Araçların gözden kayboluşuyla Ezra yüzünü bu yana çevirdi. Aynı anda baş selamı verdik birbirimize. Ardından asılı perdeyi pencerenin önüne çektim, karanlığın içeri dolmasına müsaade ettim. Loşlaşan odadan çıktım. Aşağı kata inerken koridorda yankılanan sesleri duydum. Son basamağı da inince Lena ile Henna Hanım'ın saraya girmiş olduğunu gördüm. Lena, sıkıca tutunduğu dostunun kolunu kullanarak Henna Hanım'ın ilerlemesine yardımcı oluyordu. Beni görünce adımları yavaşladı.
"Ah, Alisa, gel, Henna'ya sen eşlik et," dedi Lena. "Ben yeniden Olena'nın yanına döneyim."
Hızla ilerledim ve Henna Hanım'ın koluna girdim. "Ruhlara söyleseydiniz ya, yardımcı olurlardı size."
"Lena ruhlardan yardım almayı kabul etmiyor," dedi Henna Hanım. "Hadi kızım, beni odama çıkar."
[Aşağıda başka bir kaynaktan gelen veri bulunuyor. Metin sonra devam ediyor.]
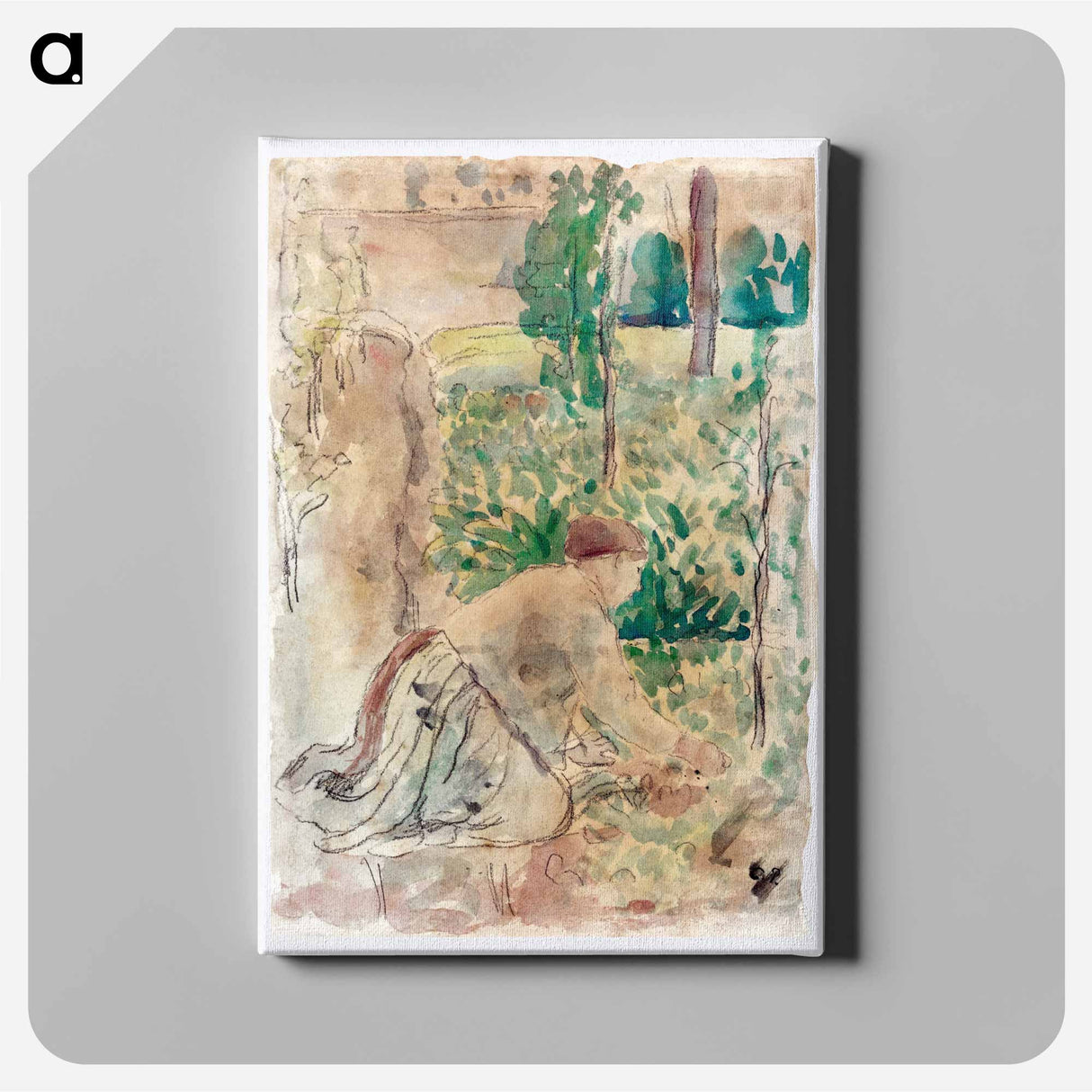 Woman Working in a Garden - カミーユ ピサロ Canvas.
Lena, Henna Hanım'ı bana emanet ettikten sonra sarayın çıkışına ilerledi. Biz de Henna Hanım ile usuldan yukarı kata çıktık. Koridorun sonunda yan yana duran iki odadan sağ tarafta olanı Henna Hanım'a aitti. Diğeri de tabii ki Lena'nındı. Henna Hanım'ın odasına geçtik. Onun bedeni yatağa yerleşinceye dek kolunu bırakmadım.
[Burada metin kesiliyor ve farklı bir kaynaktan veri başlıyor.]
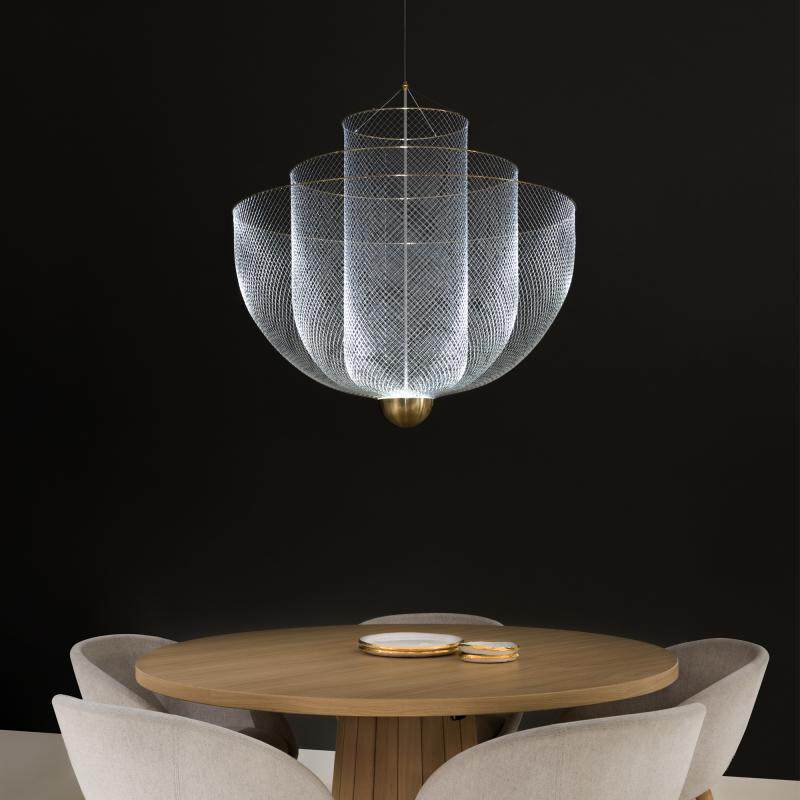 设计师创意个性简约圆形网状金属造型酒吧咖啡厅酒店餐厅客厅吊灯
"Bir isteğiniz var mı Henna Hanım?"
Henna Hanım bacaklarını yatağa uzattı. Kenarda duran pike örtüyü üstüne örttüm. Topuzunu tutturduğu gümüş tokayı saçlarından ayırdı, komodinin üstüne bıraktı.
"Yok Alisa, sağ ol. Aniden başım dönmeye başlayınca dinlenmek istedim."
"İyisiniz ya şimdi?"
"Daha iyiyim," dedi sakince Henna Hanım. "Havalar soğumaya başlayınca ağrılarım artar. Bu da ondan kaynaklı olsa gerek. Bu aralar Antropedos ilginç bir şekilde soğumaya başladı. Yakında kar yağarsa hiç şaşmam!"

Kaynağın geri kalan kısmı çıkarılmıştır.